From the records below, output exactly the lines starting at the line with "Avocado Chocolate Truffles" and ending at the line with "San Francisco 49ers Night Light Player", both of them included, but no pictures.

# Material for the task:
|---|
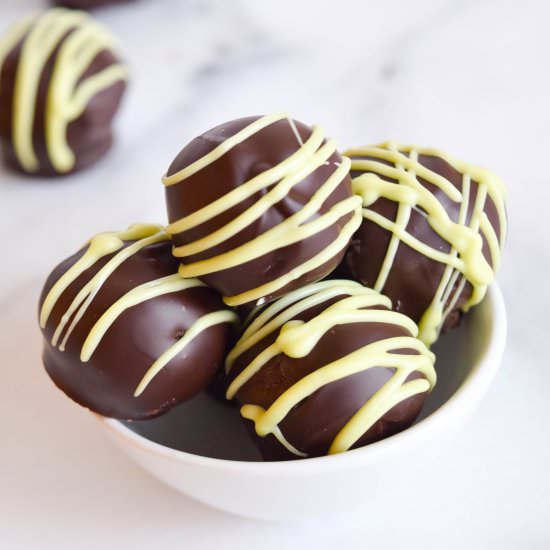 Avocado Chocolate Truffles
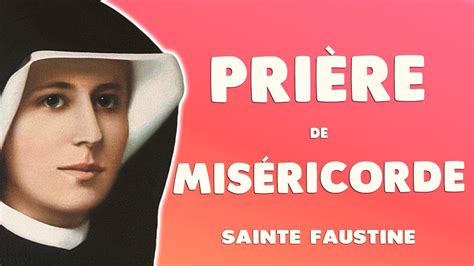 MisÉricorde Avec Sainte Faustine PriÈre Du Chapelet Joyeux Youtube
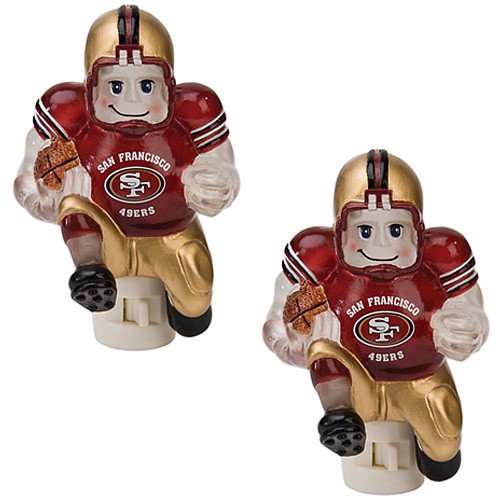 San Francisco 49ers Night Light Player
|---|
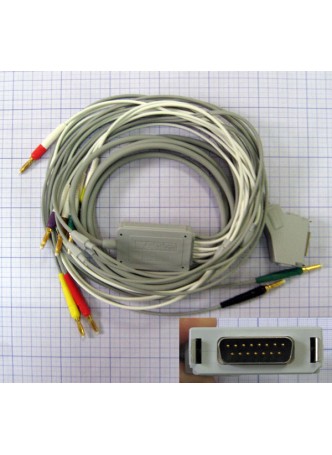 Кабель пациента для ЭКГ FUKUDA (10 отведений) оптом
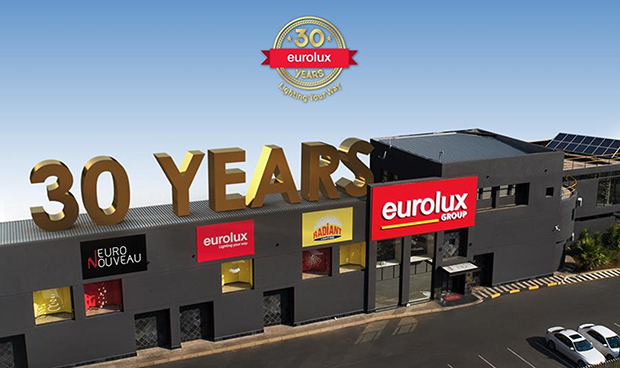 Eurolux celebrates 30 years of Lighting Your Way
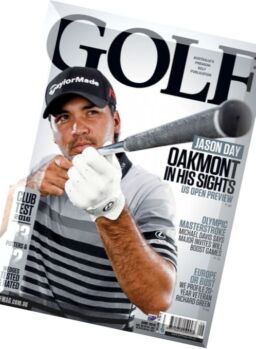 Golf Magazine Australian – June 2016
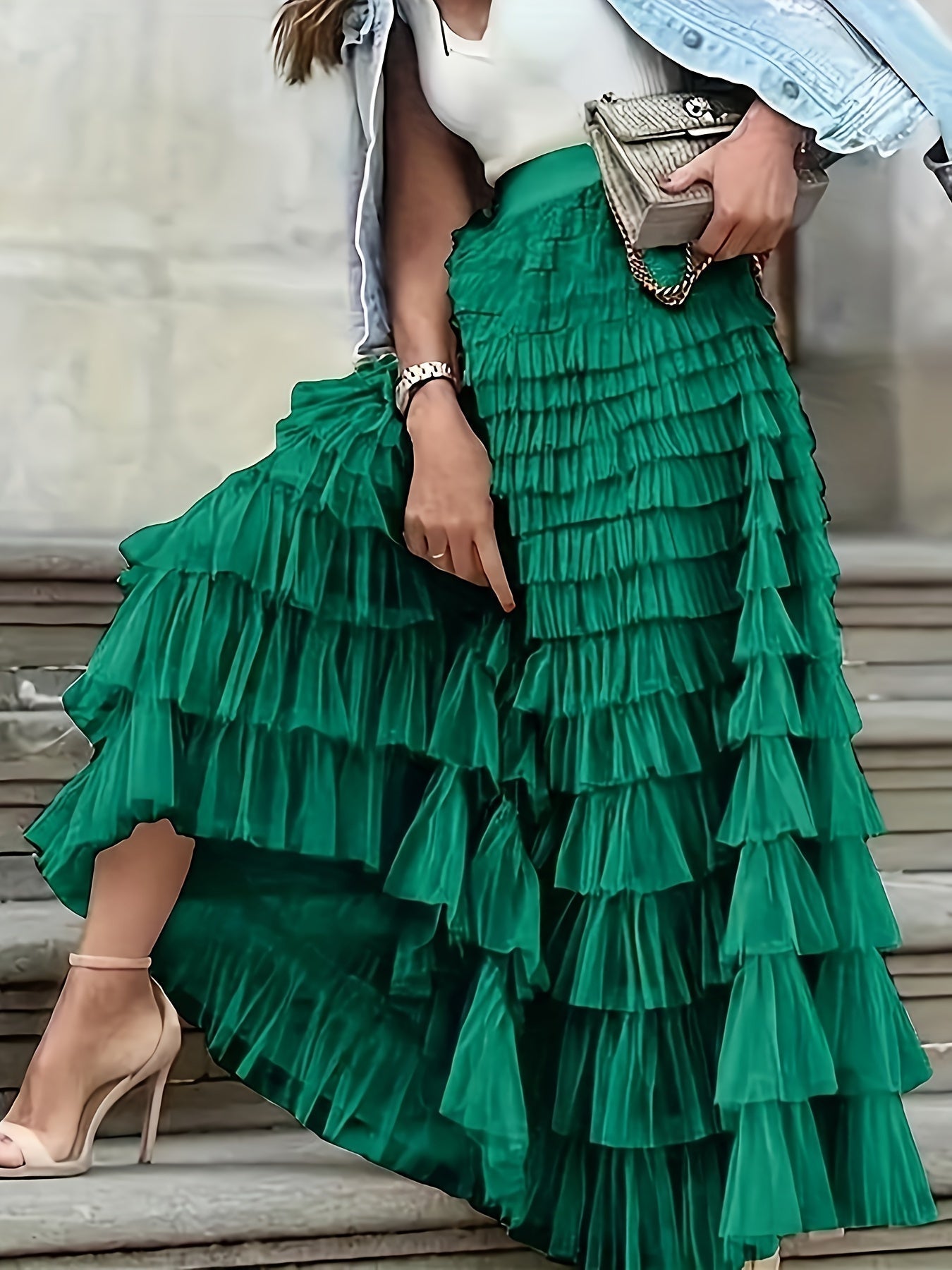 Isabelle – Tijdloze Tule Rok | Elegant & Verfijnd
|---|
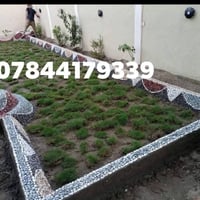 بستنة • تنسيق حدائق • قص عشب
|---|
# Solution for this task:
 Avocado Chocolate Truffles
 MisÉricorde Avec Sainte Faustine PriÈre Du Chapelet Joyeux Youtube
 San Francisco 49ers Night Light Player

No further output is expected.